Is it possible to choose a universal set $\mathcal{U}$ and condition $p$ so that "$\forall\ x \in \mathcal{U}, p(x)$" does not evaluate to a logical statement (something that is either true or false, but not both)? If so, can you please give a concrete example? If not, why then can I not create a truth table, and going further, why can't I validate argument forms using the truth table?

As an example, let's try to validate the following argument form using a truth table. \begin{align*} \forall\ x \in \mathcal{U}, p(x)\vee q(x)\\ \forall\ x \in \mathcal{U}, \neg p(x)\\ \therefore, \forall\ x \in \mathcal{U}, q(x) \end{align*}

So, we need to show that whenever the premises are both true, the conclusion is also true. Since it's hard to write $\forall$ in the table, assume each of the columns is preceded by $\forall\ x \in \mathcal{U}$. In other words, each statement is universal.

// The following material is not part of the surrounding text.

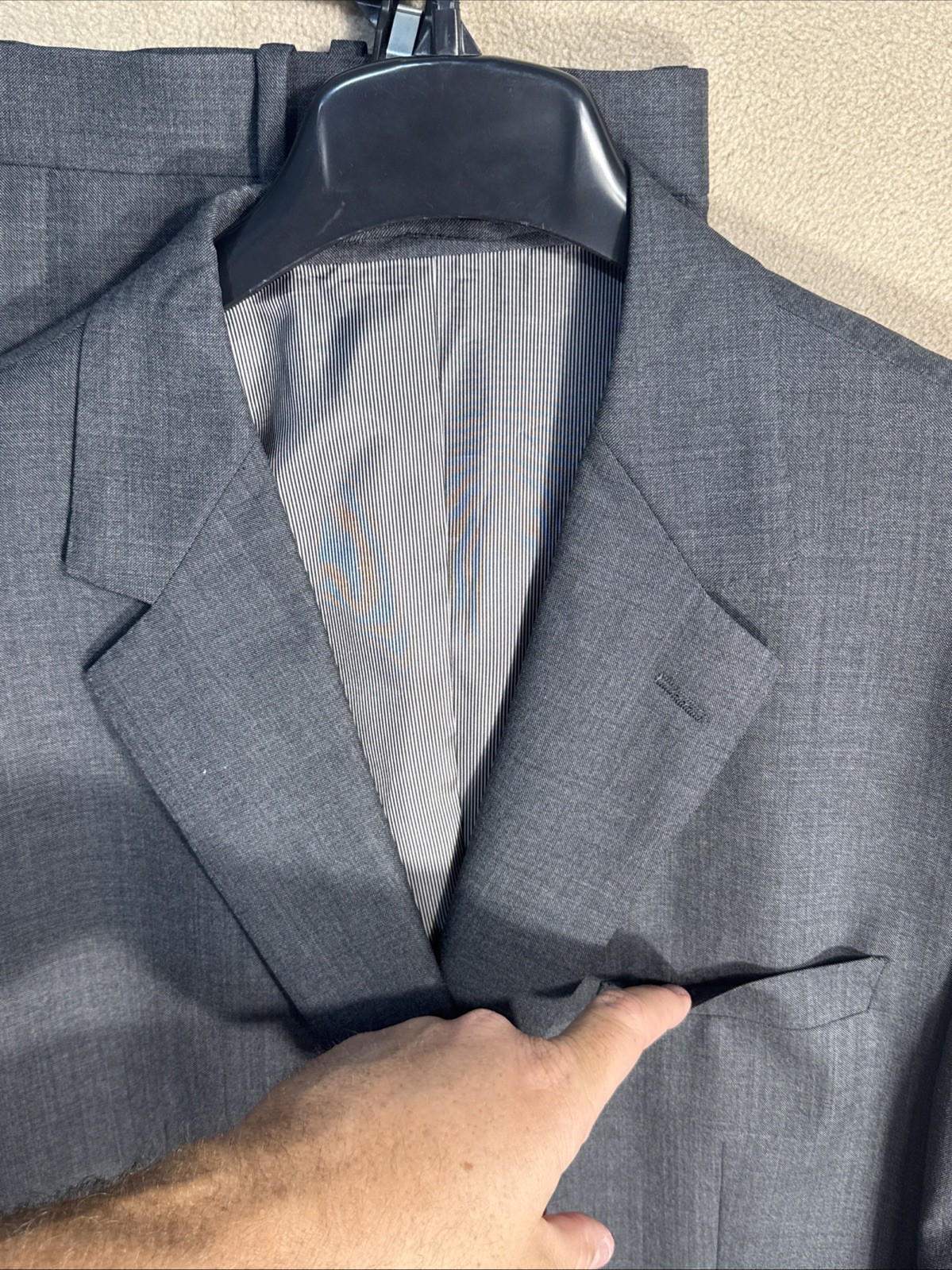 JT Vinson Custom 44R Slim Fit 2 Piece Suit Dark Gray Twill No Tag 2 Button 37x29 image 3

p(x)  q(x)  p(x) v q(x)  ~p(x)  q(x)
----+-----+------------+------+-----
  T |  T  |    T       |   F  |  T
  T |  F  |    T       |   F  |  F
  F |  T  |    T       |   T  |  T
  F |  F  |    F       |   T  |  F

Now, whenever the premises are both true, the conclusion is true. So one would think that the argument form is valid. And indeed, it is valid. You can certainly use universal instantiation and proofs of basic argument forms (which CAN be validated with truth tables) to show that the argument form is valid. This is the way that makes sense to me.

What confuses me is why is the above method flawed? (In general).

Any explicit examples you can give me would greatly help! Thanks in advance.

Answer 1

Suppose $\mathcal{U}$ was some arbitrary set of infinite cardinality.

I think the issue that the book is touching on is that for some arbitrary statement containing a universal quantifier (like $\forall x \in \mathcal{U} \ p(x)$), although it does have a truth value, you cannot use a truth table to find that value directly by testing all values of $x$. (since you would have to have an infinitely large table to get all of the cases)

What made your example doable with a truth table was that in that particular case, you did not have to consider every possible $x$ (which could be infinite), you only needed to care about $p(x), q(x), p(x) \vee q(x)$, which can only take on finitely many values.

Answer 2

The only problem I see with this is that it seems you might think it's okay for $\mathcal{U}$ to be the universe. Are you in fact saying that? What do you mean by a "universal set?" If instead $\mathcal{U}$ is some other set guaranteed by the axioms of ZFC, then the axiom of specification guarantees that for any formula $p$ there exists a set $S=\{x\in\mathcal{U}\mid p(x)\}$. It is then either true or false that $S=\mathcal{U}$, and the trueness or falsehood if this equation is equivalent to that of your statement $\forall x\in\mathcal{U}:p(x)$.

Upon making the desired truth table then, we are merely considering the truth values that result from varying $p$ and $q$, not from varying $x$. This puts us in exactly the same situation as we would be for an ordinary truth table, thus I don't see any problem. You just have to write it correctly.

Answer 3

Remember that FOL is stronger than propositional logic. Ie. there are statements in FOL that can not be expressed in propositional logic. Your statement is not one of these.

Consider \begin{align*} \forall\ x \in \mathcal{U}, p(x)\vee q(x)\\ \neg p(a)\vee\forall\ x\in\mathcal{U}, q(x)\\ \therefore q(a) \end{align*}

What does your thruth table look like?